Organizers, such as those at the MVFF/DocLands are sympathetic to the challenges of these independent filmmakers and the vital role of documentary stories to have a platform. Mark Fishkin, Founder / Executive Director, California Film Institute expounds on the organization’s commitment. “Everyday we are bombarded with “breaking news” stories and a never-ending wall of soundbites. However important these stories may be to our lives, they often feel like they are given the same weight and shoehorned into a never — ending news cycle. All of CFI’s documentary programming allows these important stories to be experienced in depth, whether at the Rafael, MVFF, through CFI Education or DocLands. Stories that can both enlighten and entertain us. In these ways documentaries provide a way of seeing and hearing the world and can give us a deeper perspective of critical issues and a greater appreciation for the “wonderland,” that still surrounds us. Real stories, that touch us, at our core.” Joni Cooper agrees with her colleague, adding her take on the role and responsibility of film festivals. “Festivals can provide huge buzz for films. They get audiences talking, sometimes yelling--whether out of joy, frustration, or outrage – about the films that touched or resonated with them about issues that bind us together through shared human experience. Word travels fast through social media, especially authentic and passionate word.”

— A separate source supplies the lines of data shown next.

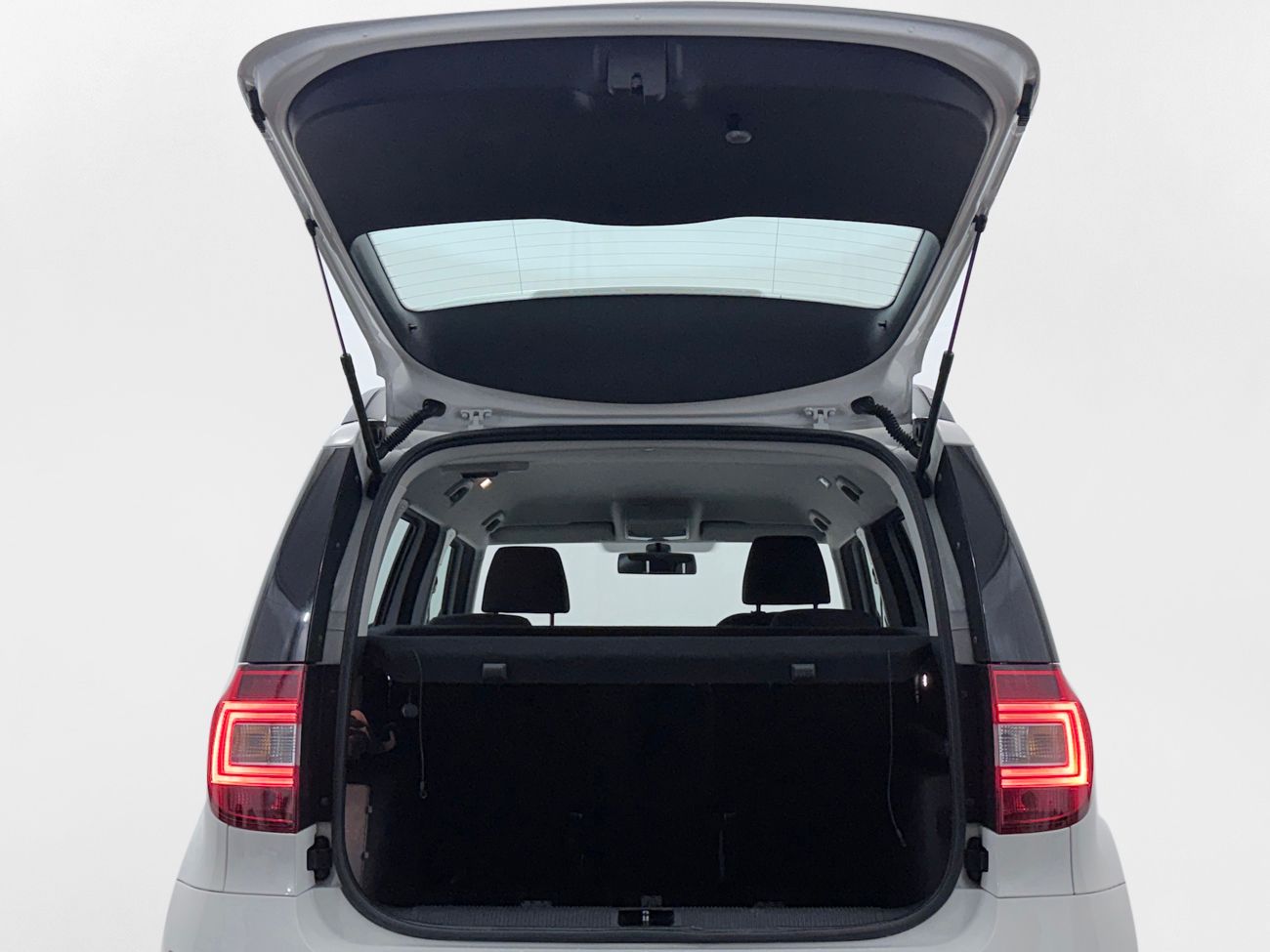 Škoda Yeti Outdoor 2.0 TDI 4x4 Dragkrok P-Sensorer Motor- och Kupévärmaruttag 110hk – bild 26 av 26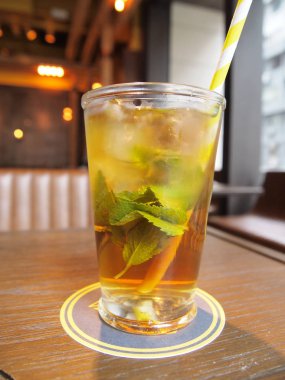 Nane şekerli buzlu çay ve saman.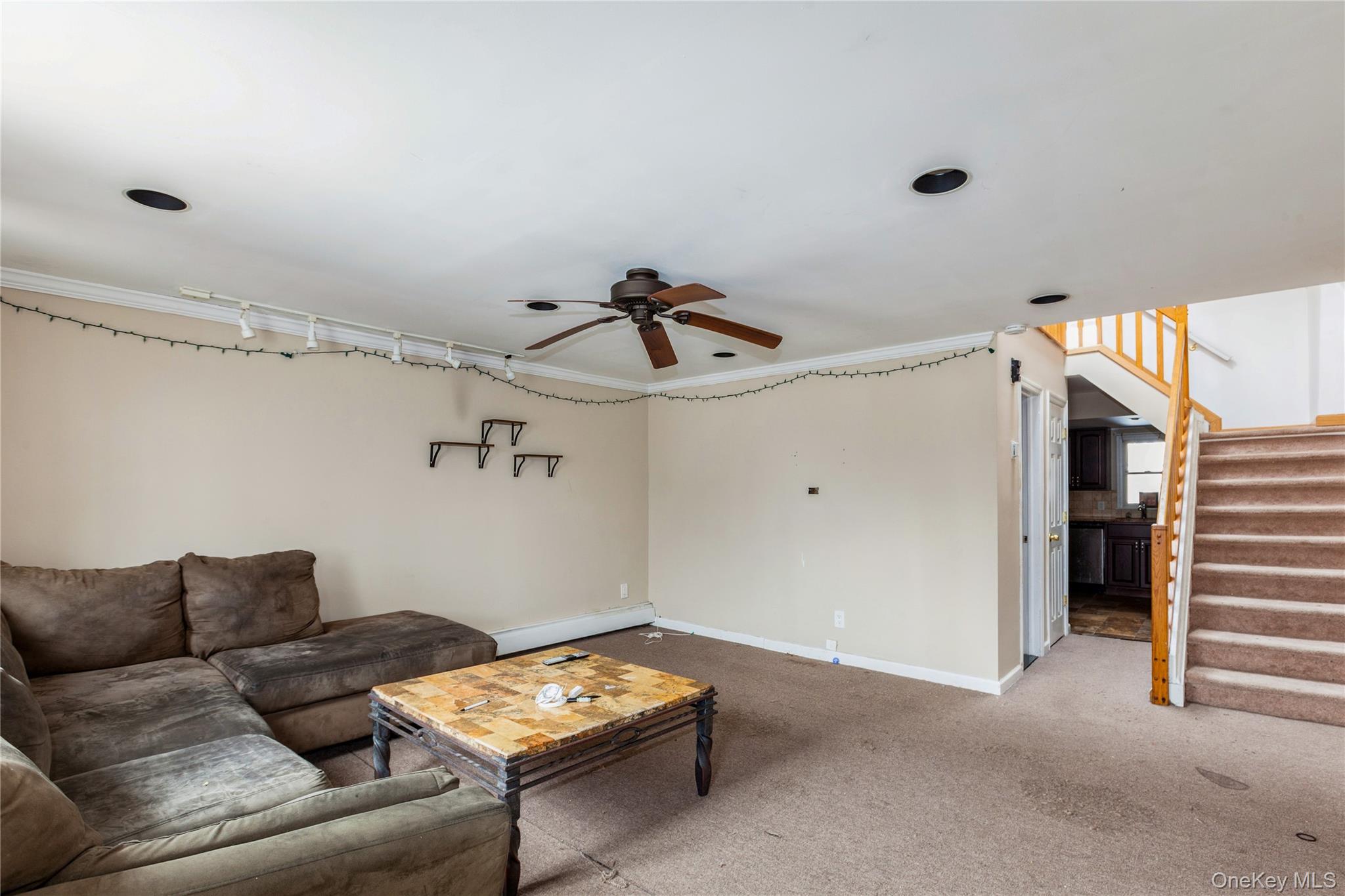 3955 South Street – For Sale photo 6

As challenging and sometimes disheartening as the process can be for filmmakers like Rigby, they never seem to lose sight of the big picture as well as the satisfaction of conveying meaningful stories versus personal sacrifice. It is in that selfless spirit that they continue to create, educate and inspire. Working hand in hand with them are agencies, like DocLands Documentary Film Festival to promote domestic and global stories and storytellers.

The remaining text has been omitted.